I used Combinatorials to stuff 20 bits of data into 14 bits of space.
Machine Vision or Computer Vision requires a thorough knowledge of probability and statistics. Object detection/recognition and many supervised segmentation techniques are based on Bayesian inference. Heavy on linear algebra too.
As an engineer, I'm trying really hard to think of an instance when I did not need math. Same story when I was a grad student. Granted, I'm not a programmer, but I use computers a lot.
Games and simulations need lots of maths - fluid dynamics, in particular, for things like flames, fog and smoke.
As an e-commerce developer, I have to use math every day for programming. At the very least, basic algebra.
There are other apps I've had to write for vector based image generation that require a strong knowledge of Geometry, Calculus and Trigonometry.
Then there is bit-masking...
Converting hexadecimal to base ten in your head...
Estimating load potential of an application...
Yep, if someone is no good with math, they're probably not a very good programmer.
Modern communications would completely collapse without math.
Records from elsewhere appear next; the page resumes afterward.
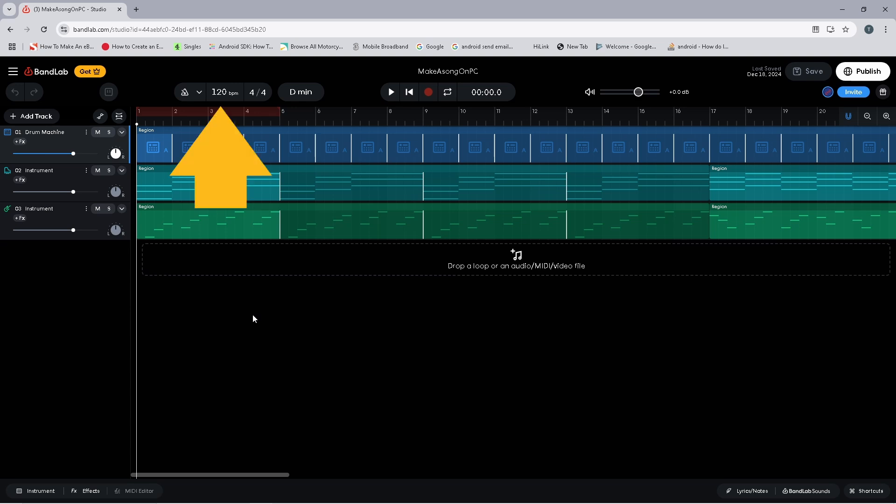The tempo is shown here where it currently says 120 BPM. BPM is short for beats per minute.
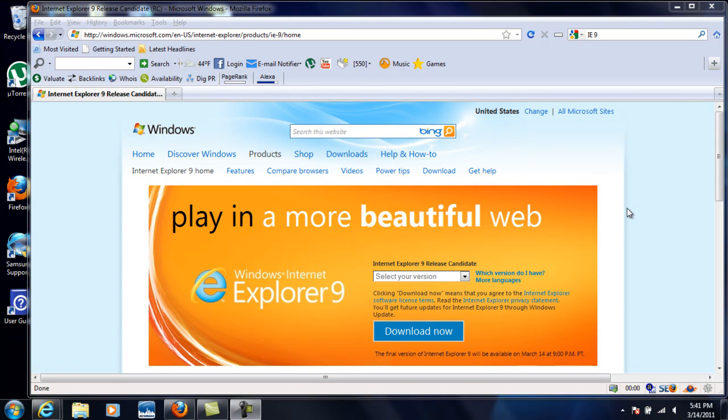Alright guys, so I want to talk about Internet Explorer 9. Now it's supposed to be released at 9 p.m. Pacific Time or midnight Eastern Time, March 14th.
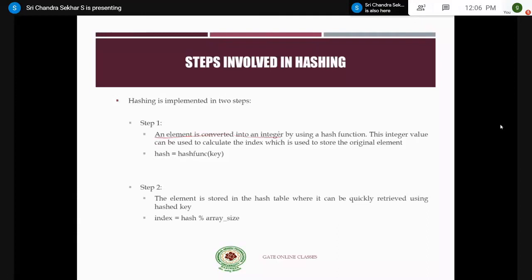There is no rule that you should always store integers inside the arrays — you can store strings or single character elements. In such a case, you have to convert those strings or alphabets into corresponding integer values. There are different methods for converting strings into integer values; one method is to take the ASCII values of those alphabets in the string, add them up, and get an integer value. After the element is converted into an integer by using a hash function, this integer value is used to calculate the index to store the original element.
If you want to make your head explode sometime, look up Galois fields, error correcting codes, and data compression. Then symbol constellations, band-limited interpolation functions (I'm talking about sinc and raised-cosine functions, not the simple linear and bicubic stuff), Fourier transforms, clock recovery, minimally-ambiguous symbol training sequences, Rayleigh and/or Ricean fading, and Kalman filtering. All of those involve math that makes my head hurt bad, and I got a Masters in Electrical Engineering. And that's just off the top of my head, from my wireless communications class.
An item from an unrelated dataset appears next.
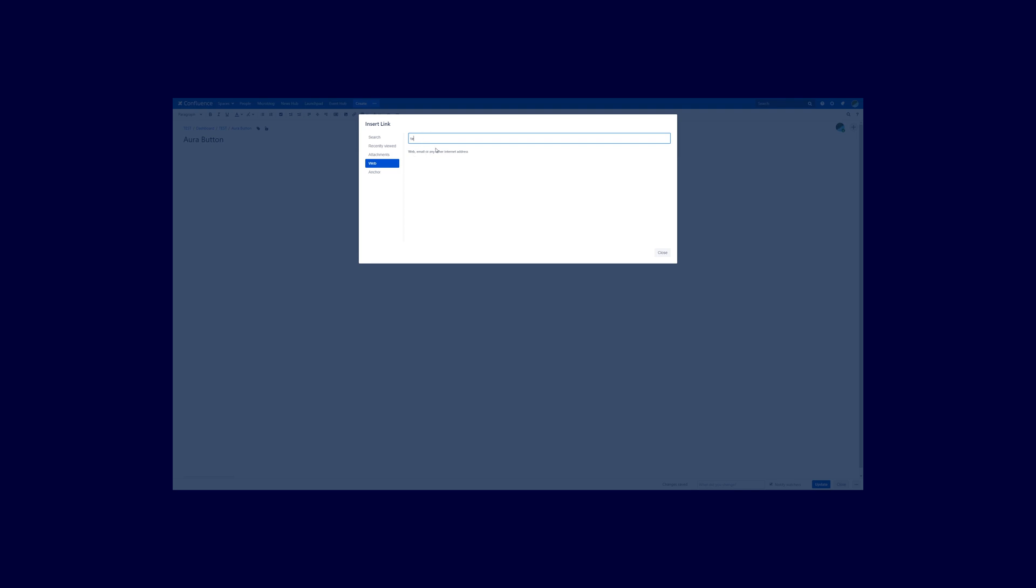So for example if you insert an email here. You see that Aura recognizes that. And it's showing you this icon of a mail. And the cool thing is if you would now click on the button, then the default email app that you have installed on your device will open up.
The amount of math required to make your cell phone work is huge. To make a 3G cell phone with Internet access is staggering. To prove with sufficient confidence that an algorithm will work in most all cases sometimes takes people's careers.
But... if you're only ever going to work with this stuff as black boxes imported from a library (at their mercy, really), well, you might get away with just knowing enough algebra to debug mismatched parentheses. And there are a lot more of those jobs than the hard ones... but at the same time, the hard jobs are harder to find a replacement for.
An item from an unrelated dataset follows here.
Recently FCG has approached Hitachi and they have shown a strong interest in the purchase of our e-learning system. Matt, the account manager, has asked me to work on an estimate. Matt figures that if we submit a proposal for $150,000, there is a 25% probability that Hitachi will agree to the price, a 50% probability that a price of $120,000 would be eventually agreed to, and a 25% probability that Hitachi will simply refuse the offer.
Examples that I've personally coded:
wrote a simple video game where one spaceship shoots a laser at another ship. To know if the ship was in the laser's path, I used basic algebra y=mx+b to calculate if the paths intersect. (I was a child when I did this and was quite amazed that something that was taught on a chalkboard (algebra) could be applied to computer programming.)
calculating mortgage balances and repayment schedules with logarithms
analyzing consumer buying choices by calculating combinatorics
trigonometry to simulate camera lens behavior
Fourier Transform to analyze digital music files (WAV files)
stock market analysis with statistics (linear regressions)
using logarithms to understand binary search traversals and also disk space savings when using packing information into bit fields. (I don't calculate logarithms in actual code, but I figure them out during "design" to see if it's feasible to even bother coding it.)
None of my projects (so far) have required topics such as calculus, differential equations, or matrices. I didn't study mathematics in school but if a project requires math, I just reference my math books and if I'm stuck, I search google.
Edited to add: I think it's more realistic for some people to have a programming challenge motivate the learning of particular math subjects. For others, they enjoy math for its own sake and can learn it ahead of time to apply to future programming problems. I'm of the first type. For example, I studied logarithms in high school but didn't understand their power until I started doing programming and all of sudden, they seem to pop up all over the place.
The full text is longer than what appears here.